Printed Flowers
When I interviewed Voxel8 CEO Jennifer Lewis last year, she told me that she didn’t want me to conflate her research with her commercial work, namely the multi-material, electronics 3D printer she developed at Voxel8. This meant that my questions regarding 4D printing and bioprinting would have to be reserved for a separate interview. While the exact date for that interview is yet to be determined, her team at Harvard’s Wyss Institute for Biologically Inspired Engineering and the Harvard John A. Paulson School of Engineering and Applied Sciences has continued to make progress, publishing a paper in Nature Materials outlining an experiment in “Biomimetic 4D printing”.
Inspired by plant life, Lewis’s team sought to 4D print objects that would change with its environment in pre-programmed ways. To do so, they 4D printed objects using a hydrogel made up of aligned cellulose fibres from wood pulp, meant to constrain the material’s motion, and acrylamide hydrogel, which expands when put in water. When printed and submerged, the fibers force the object to swell lengthwise, but not laterally. With a mathematical model, the team was able to predict this behavior and print objects with predetermined behaviors. Prof. Lewis tells New Scientist, “Depending on how we actually print the material, we can encode bending, twisting and ruffling.”
A press release for the paper describes this process in this way, “Like wood, which can be split more easily along the grain than across it, the hydrogel-cellulose fibril ink undergoes differential swelling behavior along and orthogonal to the printing path when immersed in water. Combined with a proprietary mathematical model developed by the team that predicts how a 4D object must be printed to achieve prescribed transformable shapes, the method opens up potential applications for 4D printing including smart textiles, soft electronics, biomedical devices, and tissue engineering.”

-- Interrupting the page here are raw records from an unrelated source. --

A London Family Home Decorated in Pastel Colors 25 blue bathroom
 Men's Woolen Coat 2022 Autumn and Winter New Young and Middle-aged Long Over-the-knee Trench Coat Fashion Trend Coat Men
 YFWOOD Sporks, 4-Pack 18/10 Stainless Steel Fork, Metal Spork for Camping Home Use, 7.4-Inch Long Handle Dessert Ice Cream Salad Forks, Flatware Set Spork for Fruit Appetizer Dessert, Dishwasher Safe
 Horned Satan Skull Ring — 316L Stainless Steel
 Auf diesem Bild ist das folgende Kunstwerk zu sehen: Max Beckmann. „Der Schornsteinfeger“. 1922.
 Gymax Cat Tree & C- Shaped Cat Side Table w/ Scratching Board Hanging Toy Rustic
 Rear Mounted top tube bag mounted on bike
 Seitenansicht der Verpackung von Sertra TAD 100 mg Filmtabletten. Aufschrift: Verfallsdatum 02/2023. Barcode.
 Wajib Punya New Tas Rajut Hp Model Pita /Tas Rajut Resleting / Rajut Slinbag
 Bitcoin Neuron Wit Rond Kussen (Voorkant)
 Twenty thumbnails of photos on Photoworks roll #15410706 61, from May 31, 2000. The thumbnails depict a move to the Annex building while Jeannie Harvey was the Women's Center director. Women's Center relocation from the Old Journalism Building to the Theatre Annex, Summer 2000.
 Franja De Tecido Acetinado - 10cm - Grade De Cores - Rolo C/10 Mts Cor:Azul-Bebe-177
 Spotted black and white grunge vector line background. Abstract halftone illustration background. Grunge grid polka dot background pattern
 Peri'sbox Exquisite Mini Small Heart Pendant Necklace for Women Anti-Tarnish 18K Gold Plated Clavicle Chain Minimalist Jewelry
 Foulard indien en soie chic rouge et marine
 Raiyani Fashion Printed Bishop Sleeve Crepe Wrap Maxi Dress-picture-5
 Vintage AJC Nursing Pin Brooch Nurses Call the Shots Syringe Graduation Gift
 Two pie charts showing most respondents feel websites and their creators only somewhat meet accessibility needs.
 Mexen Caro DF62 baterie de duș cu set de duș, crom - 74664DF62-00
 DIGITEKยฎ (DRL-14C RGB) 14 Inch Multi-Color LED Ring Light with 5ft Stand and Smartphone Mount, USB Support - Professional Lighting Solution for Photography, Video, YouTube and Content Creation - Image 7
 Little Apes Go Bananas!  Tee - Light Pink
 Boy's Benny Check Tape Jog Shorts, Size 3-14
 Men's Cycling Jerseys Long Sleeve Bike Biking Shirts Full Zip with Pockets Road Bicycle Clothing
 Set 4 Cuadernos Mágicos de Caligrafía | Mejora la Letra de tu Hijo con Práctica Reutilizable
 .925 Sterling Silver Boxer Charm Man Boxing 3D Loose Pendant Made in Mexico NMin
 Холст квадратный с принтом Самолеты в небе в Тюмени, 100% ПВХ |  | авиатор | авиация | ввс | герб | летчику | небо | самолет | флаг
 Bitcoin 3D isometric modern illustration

The study sees the team print two flower shapes with similar shapes, but with different pre-programmed responses when exposed to water, as well as an orchid shape that actually moves like an orchid when submerged. The glowing seen throughout the study are the result of fluorescent dye added to the gel for observation purposes. As beautiful as the result is, the printed flowers demonstrate that the team is able to program the toolpath for their printer to produce objects with predictable, desired behavior. Dr. Elisabetta Matsumoto, a post-doctoral fellow on the team, elaborates, “Our mathematical model prescribes the printing pathways required to achieve the desired shape-transforming response. We can control the curvature both discretely and continuously using our entirely tunable and programmable method.”
To expand the research further, the team envisions replacing the cellulose fibrils, possibly with a conductive material, and the environment of the prints to trigger other behavior. The applications of the technology include 3D printing biological tissue, possibly for creating organs by printing a flat sheet that might fold into the proper shape. Lewis tells New Scientist, “Right now most tissue culture is done in two dimensions, but most applications of these cells are in 3D.”
Though I’m not supposed to conflate this sort of work with what Prof. Lewis is exploring at Voxel8, she did tell me that an important component to Voxel8’s technology is the pneumatic dispensing system that acts as the printhead. The only hint she gave about what the next generation of their multi-material machine would be capable of was that it might be able to print elastomers. If this 4D printing research relied on the same pneumatic printhead, it’s not difficult to imagine that the Voxel8 platform could be capable of 4D printing one day, as well. There might even be a Voxel8 4D modeling software to go with it.